2月14日はバレンタインデー。歴史的にはチョコレートと全く関係がないそうだが、いまや我が国製菓業界の存続がかかっているので、この際由来はどちらでもよろしい。今日は、チョコを貰って困る症状の出る人のためのお話。

片頭痛(migraine)。片方の頭と書くので、両側とも痛いのは片頭痛でないと思い込んでいる人がいるため伝えておくと、左右ともに痛むタイプの片頭痛は多い。頭痛学会がこの疾病を定義している。ポイントは①拍動性(ドクンドクン脈打つように痛む)②運動や体位変換で痛みが増強する③吐き気や嘔吐、光や音に過敏になる――など。前兆があるタイプとないタイプがあり、女性に多く、家族にも同様症状を持つひとがある。(遺伝病ではない)。
でも、なぜバレンタインデーに片頭痛?と思ったあなた、最後まで読むとわかります。
その前になぜ頭痛は起きるのか?から。
痛みを感じるのは末梢神経線維が通るところ。じつは脳そのものは痛みを感じない。中枢神経である脳細胞自体に痛覚はないのだ。なので、脳腫瘍除去術のとき神経麻痺を避けるため、麻酔から覚めた状態で執刀することがある。
頭部に痛みを感じるのは、大きな腫瘤による圧迫を除けば、脳内血管が刺激された時ぐらい。何らかの機序で血管が拡張すると、そこを通る神経線維が圧迫され、痛み物質が産生される。だから、脈の拍動に合わせてズキズキガンガンするのだ。
で、なぜチョコレートから片頭痛か、だった。
チョコレートやココアの原料はカカオ豆。成分の一部に、チロシンというたんぱく質から産生される「チラミン」が豊富に存在する。このチラミン、うつ病でよく話題に上る神経伝達物質(セロトニンやノルアドレナリン、ドーパミン)とよく似た構造を持っていて、血管収縮と、その反転としての拡張作用がある。その結果チョコやココアを摂りすぎると、頭痛を起こすというわけだ。

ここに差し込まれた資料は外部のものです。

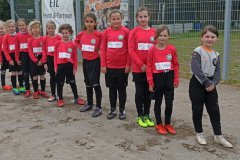 Waren01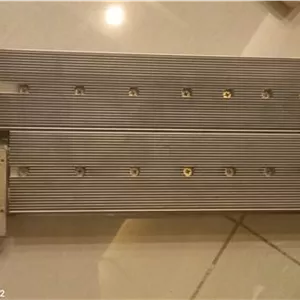 هشبرد واتسماینر m30 vh9.5 جفت پلاس تعداد چیپ 78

ちなみにチラミンを多く含む物質には赤ワイン、熟成チーズ、空豆、無花果(イチジク)などがある。
亜玉割田代さん(24歳)は幼少時から頭痛に悩んできた。バッファリンやイブなどの常用者。生理前になると「またくるのか」と憂鬱になる。最近は天気が悪いだけで起きるようになった。前述の拍動性、体位変換での増悪、嘔吐など典型的な症状で、母娘2代にわたる片頭痛持ちだ。
ひと月に鎮痛剤を10日以上飲むことも多く、薬剤誘発性頭痛も疑われた。つらいが、市販の鎮痛剤を止めてもらい、予防薬をのんでもらった。同時に、チョコ・チーズをつまみにお酒を飲むのを禁じた。痛み発作の初期にトリプタン製剤という高価な薬を投与したところ、以前よりずいぶん改善したという。痛いときには冷やすこと。温めて良くなるのは筋緊張性頭痛のほうだ。

片頭痛は古来、著名人も悩ませてきた。進化論のダーウィンに精神分析のフロイト、ピカソに樋口一葉。一番有名なのは芥川龍之介だろうか。遺作ともいえる『歯車』は、題名自体が片頭痛の前兆(閃輝暗点)を表している。一読をお勧めする。
というわけで、本命チョコのオニイサンや義理チョコのおじさん、友チョコ・自分チョコのオネエサンたちへひとこと。「チョコはちょこっとネ」。